Without the Cinedome, Fremont residents will have to leave town for the latest Hollywood offerings. However, Fremont still has the Essanay in Niles for silent films and the NAZ8 Cinema for Bollywood movies.

"I don't understand why we can't support any theater in Fremont," said resident Joan Hansen-Aganon, after theater workers told her that the Cinedome 8 would be closing.

"I hate to take my business to some other town," she added. "I don't want to go to Union City. There's nothing wrong with Union City, but I want to stay in my own town."

The estimated 30 employees at Cinedome 8 will be offered transfers to other theaters operated by Cinemark, employees said.

Business had not declined in 2008, said one employee, who added that workers were told of the impending closure a month ago.

Fremont officials were not shocked to learn of the closure.

A few years ago, the owner of theater had discussed redeveloping the site at 39153 Farwell Drive, potentially without a new theater, said Daren Fields, the city's economic development director.

"I think Fremont can support its own cinema, but the cinema itself would need to be modern facility with first-run movies that would attract people," he said. "I'm not sure that was the case with the Cinedome 8."

Fremont tried unsuccessfully a few years ago to attract a new theater to Pacific Commons, Mayor Bob Wasserman said. About the same time, plans fell through to build a new multiplex at NewPark Mall, Newark Mayor David Smith said.

The Fremont and Newark cinedomes each are older and smaller than the theaters in Union City and Milpitas. The lease for the Cinedome 7 in Newark expires in November, an employee said.

The Cinedome 8 has been Fremont's largest movie theater since opening in the late 1970s, local movie buffs said.

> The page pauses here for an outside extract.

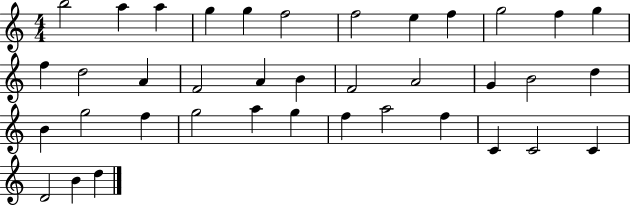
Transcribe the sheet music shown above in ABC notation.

Its arrival reshaped Fremont's movie theater landscape.

Shortly after it opened, the much smaller Showcase 1&2 closed its doors at the corner of Walnut Avenue and Civic Center Drive. The facility later became a nightclub.

Meanwhile, the single-screen Fox Theater at the Fremont Hub stopped showing first-run films, according to the Web site Cinema Treasures.

It ultimately closed in the mid '80s and was replaced by the GCC Fremont Hub 8 Cinemas, which went out of business in 1999.

That theater and the Center Theater in Fremont's Centerville district had been used by the NAZ, until it moved to a previous existing movie house on Paseo Padre Parkway near Walnut.

There is a proposal to reopen the Center Theater, which initially opened in 1946, to show films and provide space for fledgling nonprofit groups, but the plan is not fully funded, said Julie Gilson of the Center Theater Preservation Group.